Non sorprende che il Grande Oriente di Francia abbia reagito parlando di un «ritorno all'Inquisizione». Sorprende di più la solidarietà espressa da giornali cattolici a don Vésin, di cui si vorrebbe difendere la libertà di pensiero. Ma, come spiega Papa Francesco nell'enciclica «Lumen Fidei», la Chiesa non è un porto di mare dove ciascuno dice la sua. La missione che il Signore le ha affidato è l'annuncio della verità. La fede non è un vago sentimento: ha un contenuto preciso, il quale si esprime appunto nei dogmi che la massoneria vuole mandare in pensione.
La vicenda mostra la grave confusione che regna presso tanti cattolici sulla natura della massoneria.
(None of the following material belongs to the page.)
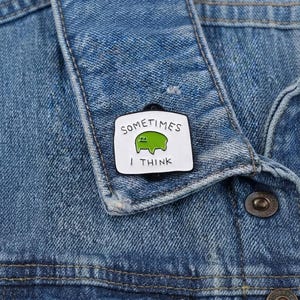 May include: A rectangular enamel pin with a white background and a black border. The pin features a small green blob-like character in the centre with the text "SOMETIMES" above it and "I THINK" below it in black, sans-serif capital letters.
Il 19 ottobre a Ferrara cercheremo di riparare, con un convegno per celebrare i trent'anni dalla «Dichiarazione sulla massoneria» vaticana, promosso da Alleanza Cattolica e dove i lettori ritroveranno diverse firme de «La nuova Bussola quotidiana», dal sottoscritto a mons. Negri e a Marco Invernizzi. Nel frattempo, don Vésin - tanto per non farsi mancare nulla - parte il 14 luglio per celebrare la Rivoluzione francese e cerca di arruolare altri marciatori dichiarandosi favorevole al matrimonio omosessuale. Che non c'entra: o forse c'entra perché, una volta abbracciato il relativismo massonico, la strada è aperta per negoziare tutti i principi e accettare tutti i «diritti» moderni. La marcia su Roma è cominciata.